The authors advocate for more rigorous research to help establish the efficacy of peer support, and which peer support interventions may provide the most benefit.

 

Journal Article

Emerging Roles for Peer Providers in Mental Health and Substance Use Disorders

The results of this study were published in a special issue of the American Journal of Preventative Medicine in May 2018.

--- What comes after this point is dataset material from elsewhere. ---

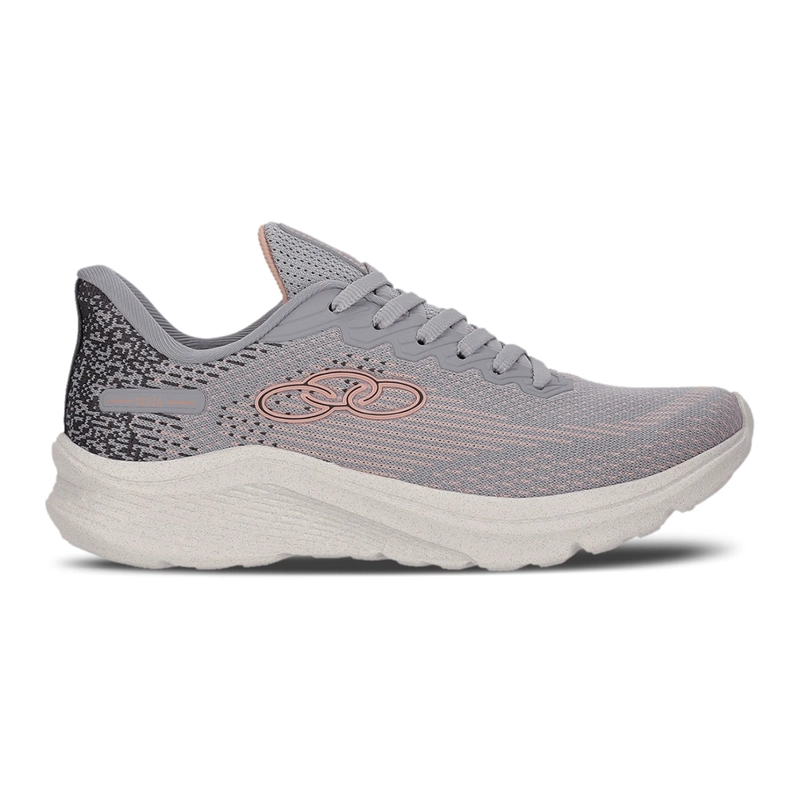 ZAPATILLA MUJER DELTA GRIS - 1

Chapman, SA, Blash, LK, Mayer, K, Spetz, J. Emerging Roles for Peer Providers in Mental Health and Substance Use Disorders. Am J Prev Med 2018; 54(6S3): S267–S274.
 

Abstract

Introduction
The purpose of this study was to identify and assess states with best practices in peer provider workforce development and employment. A growing body of research demonstrates that peer providers with lived experience contribute positively to the treatment and recovery of individuals with behavioral health needs. Increased employment opportunities have led to policy concerns about training, certification, roles, and reimbursement for peer provider services.

Methods
A case study approach included a national panel of subject matter experts who suggested best practice states. Researchers conducted 3- to 5-day site visits in four states: Arizona, Georgia, Texas, and Pennsylvania. Data collection included document review and interviews with state policymakers, directors of training and certification bodies, peer providers, and other staff in mental health and substance use treatment and recovery organizations. Data collection and analysis were performed in 2015.

Results
Peer providers work in a variety of settings, including psychiatric hospitals, clinics, jails and prisons, and supportive housing. A favorable policy environment along with individual champions and consumer advocacy organizations were positively associated with robust programs. Medicaid billing for peer services was an essential source of revenue in both Medicaid expansion and non-expansion states. States’ peer provider training and certification requirements varied. Issues of stigma remain. Peer providers are low-wage workers with limited opportunity for career growth and may require workplace accommodations to maintain their recovery.

Conclusions
Peer providers are a rapidly growing workforce with considerable promise to help alleviate behavioral health workforce shortages by supporting consumers in attaining and maintaining long-term recovery.